Leave out the pictures and retype exactly the lines from the line with "コパ・アメリカ2024 アメリカ大会 ブラジル代表 オフ" through the end of the listing below.
*** Begin section ***
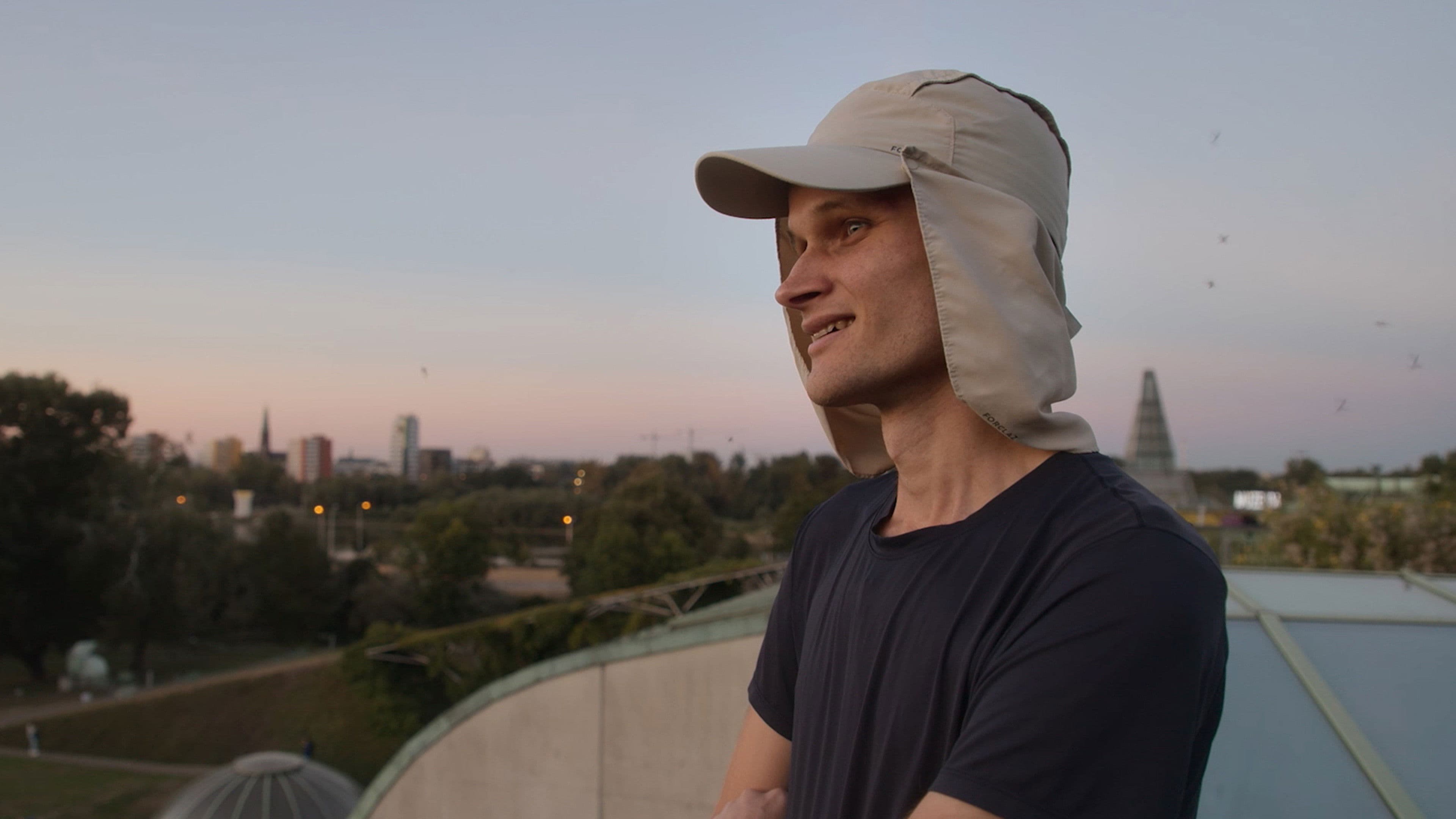 Vitalik: An Ethereum Story backdrop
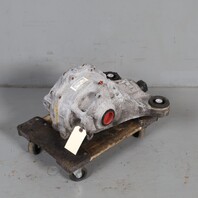 BMW Part burnt find and scrap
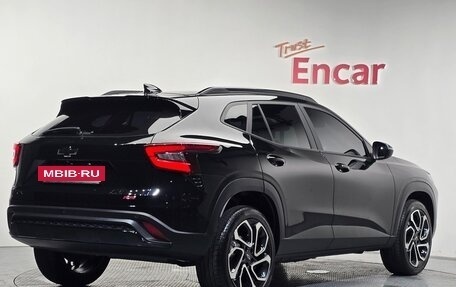 Chevrolet Trax, 2023 год, 1 740 000 рублей, 2 фотография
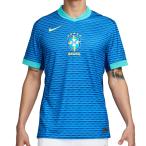 コパ・アメリカ2024 アメリカ大会 ブラジル代表 オフ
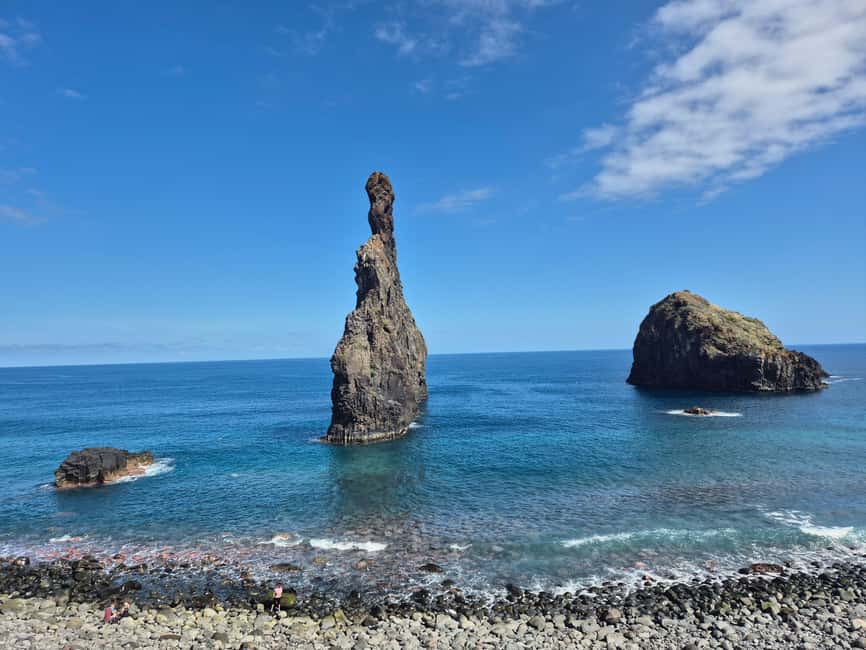 2-Day Madeira Tour: East & West with Local Guide & Tastings - Price and logistics: what $75 gets you, and what it does not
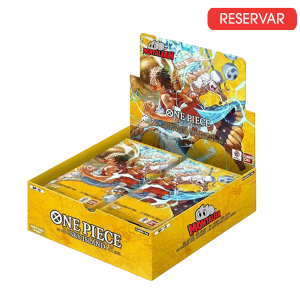 One Piece Card Game - OP16 - BOX - RESERVA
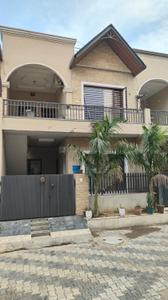 Image of 900 Sq.ft 3 BHK Independent House for sale in Kharar, Mohali for Rs. 7600000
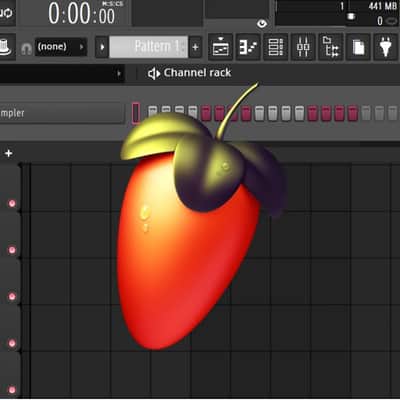 Akai Fire Controller AND software FL Studio WITH "All Plugins Edition" image 4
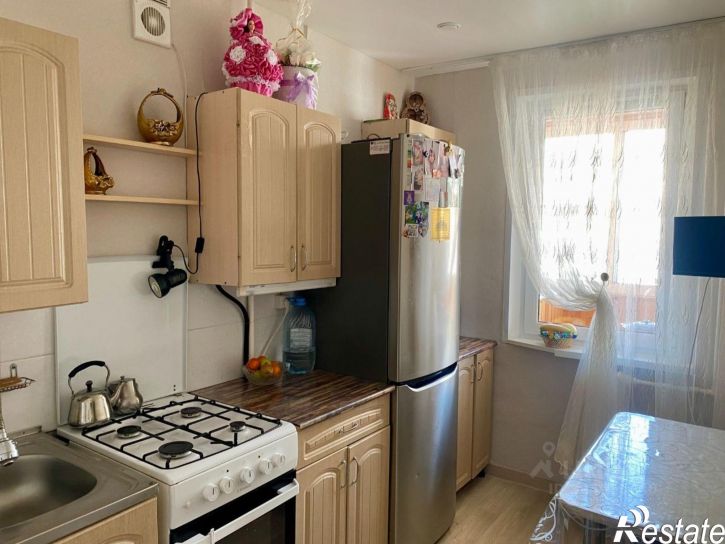 2-комн квартира ул Шамиля Усманова, 71,  д. 71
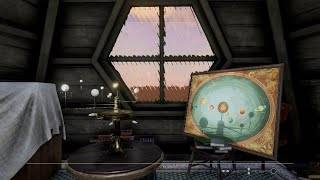 Inheritance of Crimson Manor skärmdump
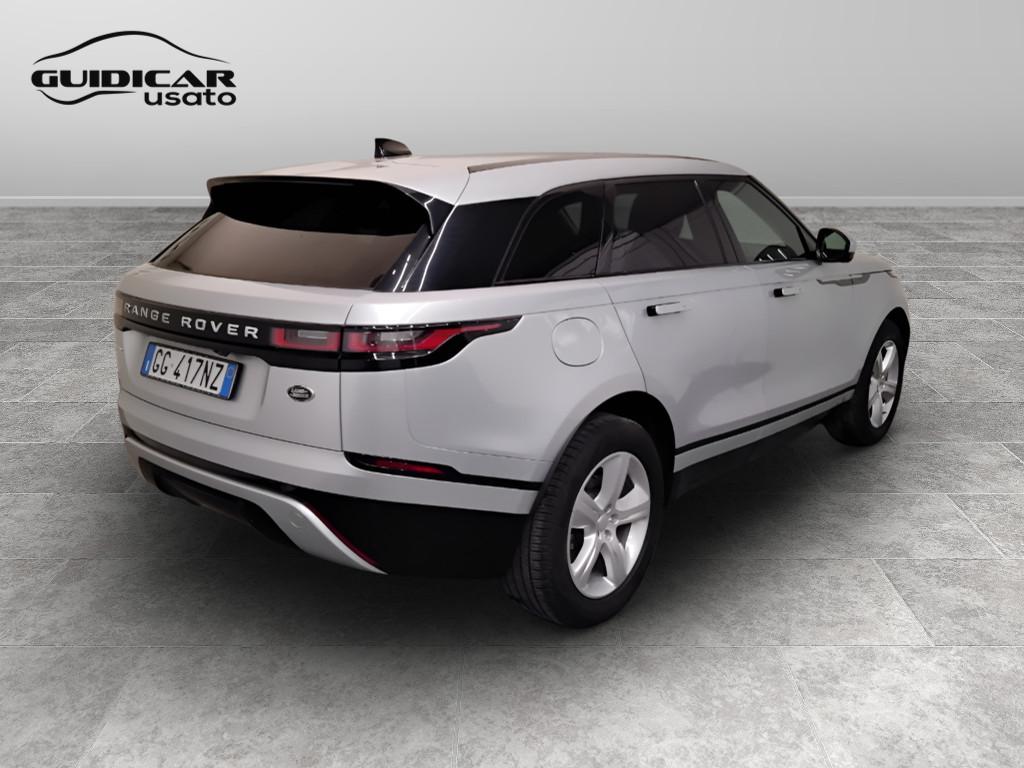 LAND ROVER Range Rover Velar 2021 - Range Rover Velar 2.0d i4 mhev 4wd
*** End section ***
| RESPONSE TO THIS EXERCISE |
 コパ・アメリカ2024 アメリカ大会 ブラジル代表 オフ
 2-Day Madeira Tour: East & West with Local Guide & Tastings - Price and logistics: what $75 gets you, and what it does not
 One Piece Card Game - OP16 - BOX - RESERVA
 Image of 900 Sq.ft 3 BHK Independent House for sale in Kharar, Mohali for Rs. 7600000
 Akai Fire Controller AND software FL Studio WITH "All Plugins Edition" image 4
 2-комн квартира ул Шамиля Усманова, 71,  д. 71
 Inheritance of Crimson Manor skärmdump
 LAND ROVER Range Rover Velar 2021 - Range Rover Velar 2.0d i4 mhev 4wd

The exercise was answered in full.